─── Source data

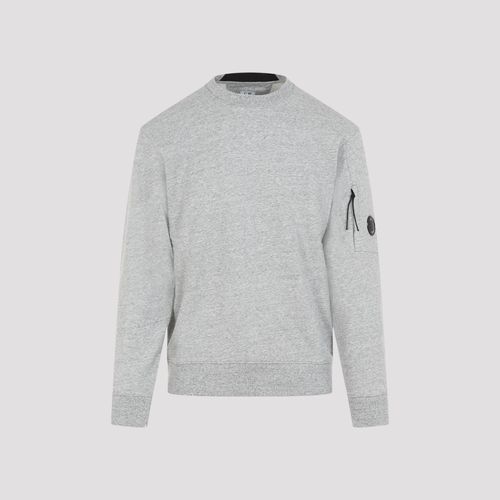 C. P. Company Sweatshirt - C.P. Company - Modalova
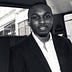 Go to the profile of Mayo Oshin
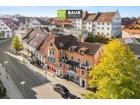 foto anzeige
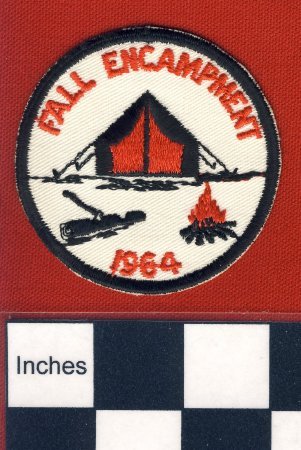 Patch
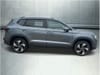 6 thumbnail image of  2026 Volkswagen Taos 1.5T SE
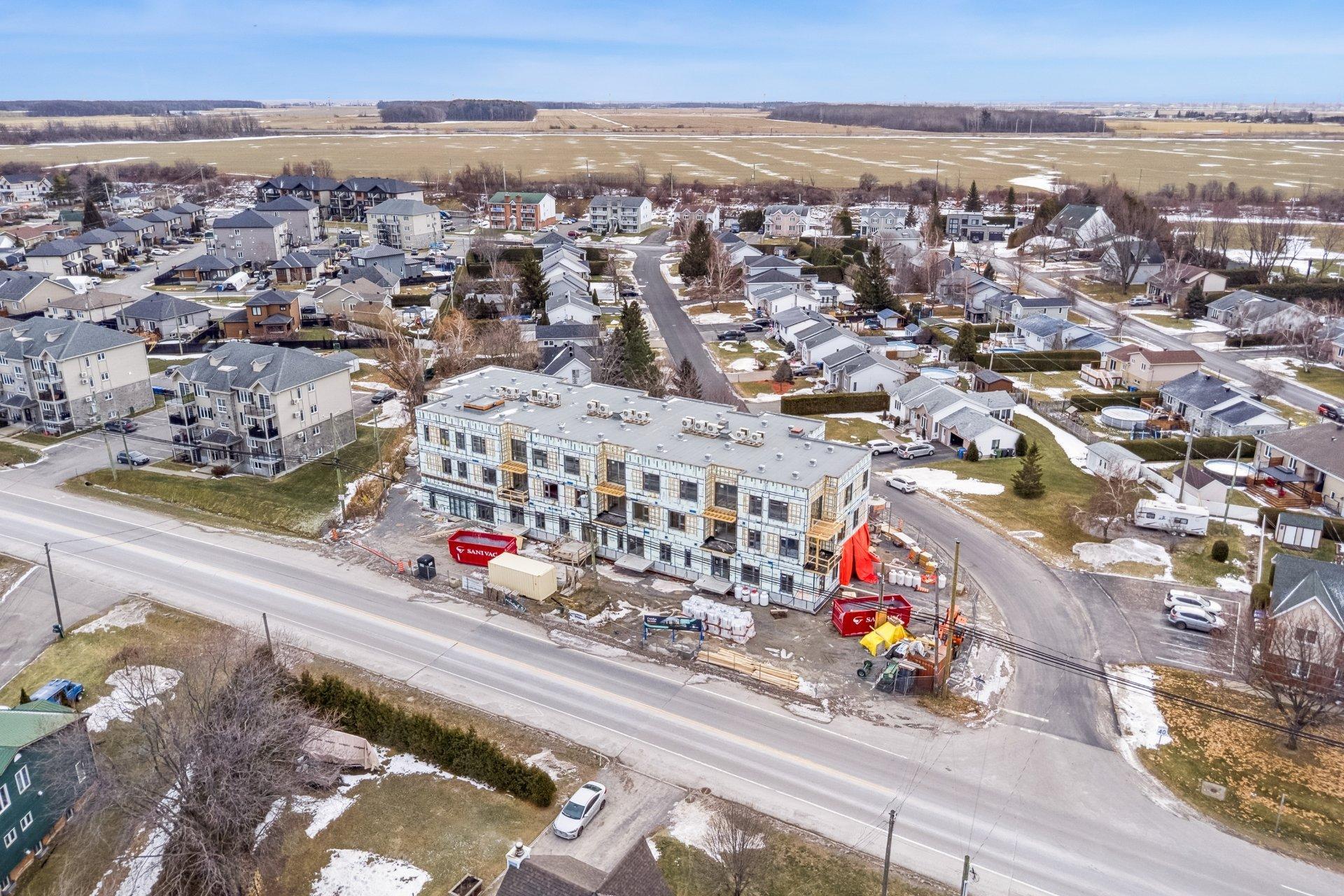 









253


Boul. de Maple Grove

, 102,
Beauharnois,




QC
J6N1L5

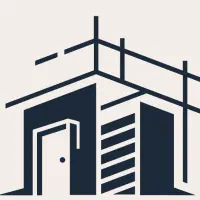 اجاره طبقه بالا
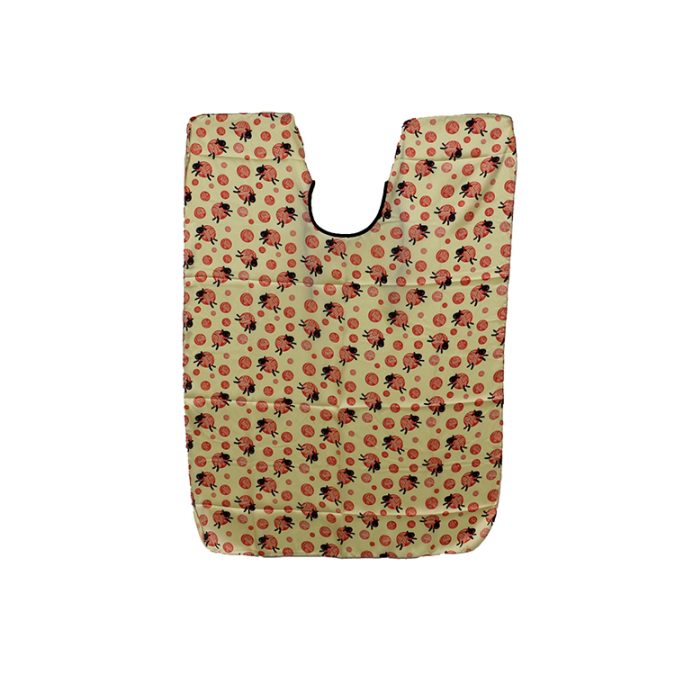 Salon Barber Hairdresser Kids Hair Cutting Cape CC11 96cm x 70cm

──────

• [What you are asked to do]: Each line from the one with "6 thumbnail image" to the final line of the data above is to be printed exactly; no picture should appear in the copy.

• [Solution for this problem]:
 6 thumbnail image of  2026 Volkswagen Taos 1.5T SE









253


Boul. de Maple Grove

, 102,
Beauharnois,




QC
J6N1L5

 اجاره طبقه بالا
 Salon Barber Hairdresser Kids Hair Cutting Cape CC11 96cm x 70cm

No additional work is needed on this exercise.